Both methods minimize the residual sum of squares and have a constraint on the possible values of the parameters $\beta$. For the Lasso, the constraint is $||\beta||_1 \le t$, whereas for ridge it is $||\beta||_2 \le t$, for some $t$.

I've seen the diamond vs ellipse picture in the book and I have some intuition as for why the Lasso can hit the corners of the constrained region, which implies that one of the coefficients is set to zero. However, my intuition is rather weak, and I'm not convinced. It should be easy to see, but I don't know why this is true.

So I guess I'm looking for a mathematical justification, or an intuitive explanation of why the contours of the residual sum of squares are likely to hit the corners of the $||\beta||_1$ constrained region (whereas this situation is unlikely if the constraint is $||\beta||_2$).

Best Answer

Let's consider a very simple model: $y = \beta x + e$, with an L1 penalty on $\hat{\beta}$ and a least-squares loss function on $\hat{e}$. We can expand the expression to be minimized as:

$\min y^Ty -2 y^Tx\hat{\beta} + \hat{\beta} x^Tx\hat{\beta} + 2\lambda|\hat{\beta}|$

Keep in mind this is a univariate example, with $\beta$ and $x$ being scalars, to show how LASSO can send a coefficient to zero. This can be generalized to the multivariate case.

Let us assume the least-squares solution is some $\hat{\beta} > 0$, which is equivalent to assuming that $y^Tx > 0$, and see what happens when we add the L1 penalty. With $\hat{\beta}>0$, $|\hat{\beta}| = \hat{\beta}$, so the penalty term is equal to $2\lambda\beta$. The derivative of the objective function w.r.t. $\hat{\beta}$ is:

$-2y^Tx +2x^Tx\hat{\beta} + 2\lambda$

which evidently has solution $\hat{\beta} = (y^Tx - \lambda)/(x^Tx)$.

Obviously by increasing $\lambda$ we can drive $\hat{\beta}$ to zero (at $\lambda = y^Tx$).
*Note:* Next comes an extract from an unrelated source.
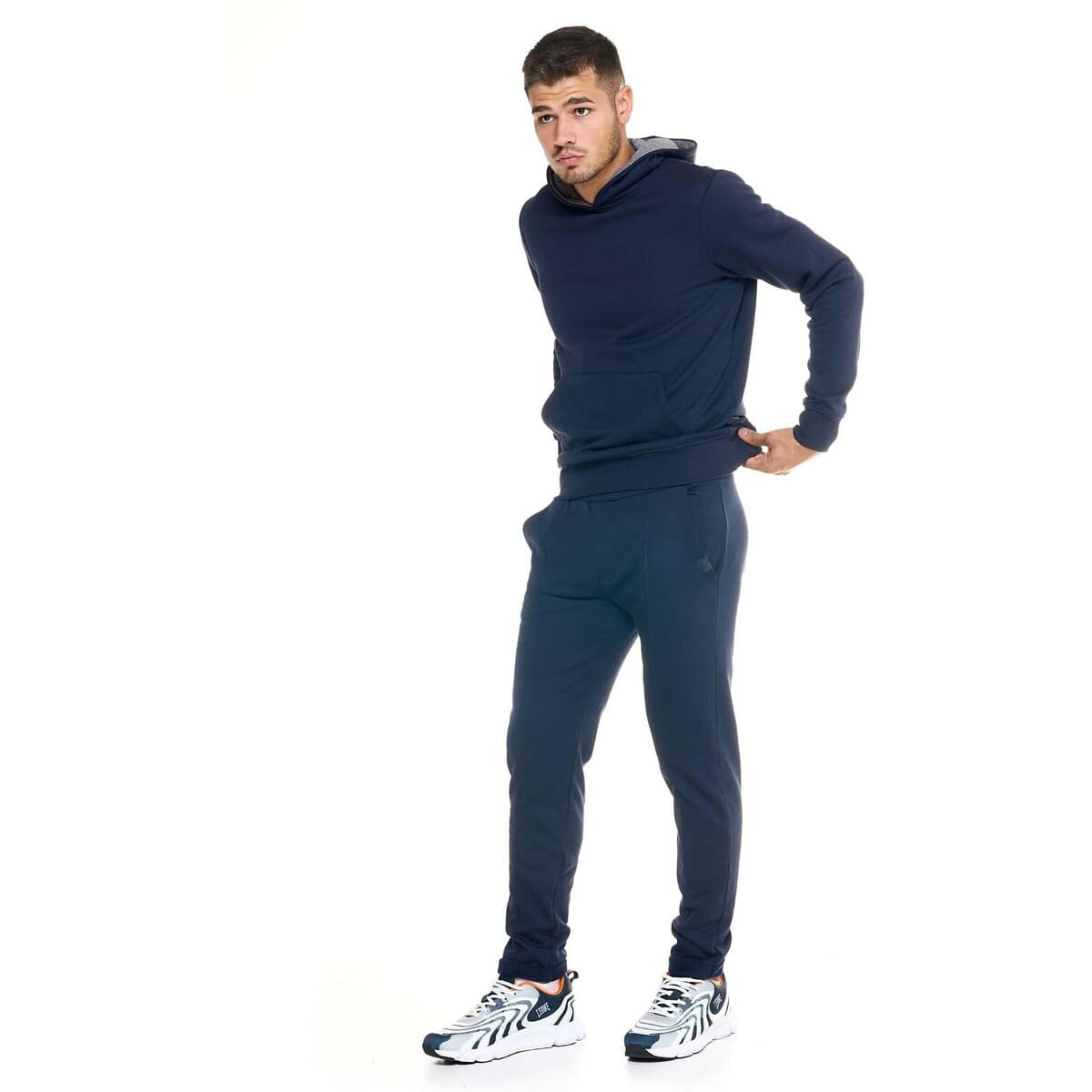 Men's Tracksuits Leone 1947 Blue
However, once $\hat{\beta} = 0$, increasing $\lambda$ won't drive it negative, because, writing loosely, the instant $\hat{\beta}$ becomes negative, the derivative of the objective function changes to:

$-2y^Tx +2x^Tx\hat{\beta} - 2\lambda$

where the flip in the sign of $\lambda$ is due to the absolute value nature of the penalty term; when $\beta$ becomes negative, the penalty term becomes equal to $-2\lambda\beta$, and taking the derivative w.r.t. $\beta$ results in $-2\lambda$. This leads to the solution $\hat{\beta} = (y^Tx + \lambda)/(x^Tx)$, which is obviously inconsistent with $\hat{\beta} < 0$ (given that the least squares solution $> 0$, which implies $y^Tx > 0$, and $\lambda > 0$). There is an increase in the L1 penalty AND an increase in the squared error term (as we are moving farther from the least squares solution) when moving $\hat{\beta}$ from $0$ to $ < 0$, so we don't, we just stick at $\hat{\beta}=0$.

It should be intuitively clear the same logic applies, with appropriate sign changes, for a least squares solution with $\hat{\beta} < 0$.

With the least squares penalty $\lambda\hat{\beta}^2$, however, the derivative becomes:

$-2y^Tx +2x^Tx\hat{\beta} + 2\lambda\hat{\beta}$

which evidently has solution $\hat{\beta} = y^Tx/(x^Tx + \lambda)$. Obviously no increase in $\lambda$ will drive this all the way to zero. So the L2 penalty can't act as a variable selection tool without some mild ad-hockery such as "set the parameter estimate equal to zero if it is less than $\epsilon$".

Obviously things can change when you move to multivariate models, for example, moving one parameter estimate around might force another one to change sign, but the general principle is the same: the L2 penalty function can't get you all the way to zero, because, writing very heuristically, it in effect adds to the "denominator" of the expression for $\hat{\beta}$, but the L1 penalty function can, because it in effect adds to the "numerator".